Scalable Semi-Reliable Datagram Protocol

The Goal: have a high-quality, bandwidth friendly Internet radio. Using TCP for broadcasts is icky, because it chews up kernel resources for every open socket. Its not really scalable. Besides, if TCP runs behind the rate of audio delivery ... its useless, because we don't need old stale audio packets. Packet delivery needs to be reliable only if if the packets are timely. If they are not timely, they are useless.

Using UDP is better, but packets get lost, and this leads to audio dropouts. A good radio needs a UDP-based protocol that is reliable for "recent" packets, but doesn't attempt to retransmit very old, stale packets.

Implementation

The implementation of such a thing is straightforward and fairly simple. Packets are given sequence numbers. The radio transmitter keeps a buffer of the most recent 20-odd seconds worth of packets (for 8K ulaw, thats about 200KBytes of packets). The radio receiver plays about 20 seconds behind the transmitter. It keeps a buffer of packets that arrived by UDP. If it sees holes in the buffer, it re-requests those packets from the transmitter. It either gets them, or it doesn't. If it doesn't get all th packets it needs in 20 seconds ... tough. Those packets are simply too old.

The careful reader will note that this scheme involves NACK's, and thus, anti-congestion (anti-anti-congestion?) control. The harm of this congestion generating algorithm can be minimized to a degree by having the transmitter inform the receiver what it's buffer size is. That way, the receiver won't go around asking for packets that the transmitter has already thrown away.

Implementers of Internet telephones will be disappointed: this protocol does nothing for them. The quality of this algorithm depends on the assumptions that its OK for the radio receiver to be 5 or 10 or 20 seconds behind the transmitter.

More Congestion Control

Every receiver can be allocated a "Nack quota". Once a receiver runs out of NACK's, it agrees not to transmit any more. Transmitters renew receiver's nack quotas from time to time. On a congested link, the receiver runs out of its quota, and stops sending NACK's.

Two questions suggest themselves: how should transmitters allocate quotes? Constant number, or a sliding scale? If a transmitter increases nack quotas when it gets fewer NACK's. a pathological situation could arise ...

How should receivers conserve their precious nacks?

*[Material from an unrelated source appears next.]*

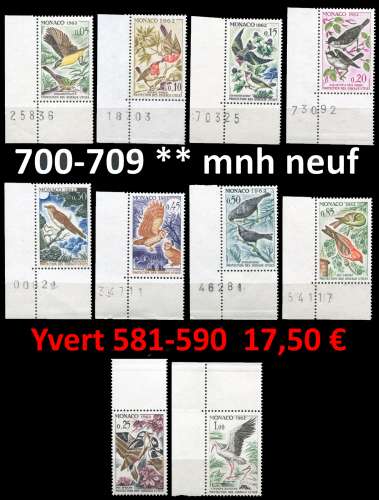 Monaco 1962 - Yvert 581-590 - Michel 700-709 - ** mnh neuf -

With this scheme, receivers throttle back on the number of NACK's. Transmitters, of course, continue to blast full-ahead, damned the congestion ...

Congestion on Multi-cast Links

Nack quotas also offer a mechanism whereby congested multi-cast links can participate in congestion control. A link can snoop a receiver's nack quota, and add it to it's own quota. A link may want to derate its total quota by some factor.

Congestion due to an excessive number of transmitters on a link can be regulated by an entirely independent mechanism, following more traditional approaches.

Related References

Has anyone heard of anything like this? I am looking for something like this for Linux, and am toying with idea of implementing it if I can't find it.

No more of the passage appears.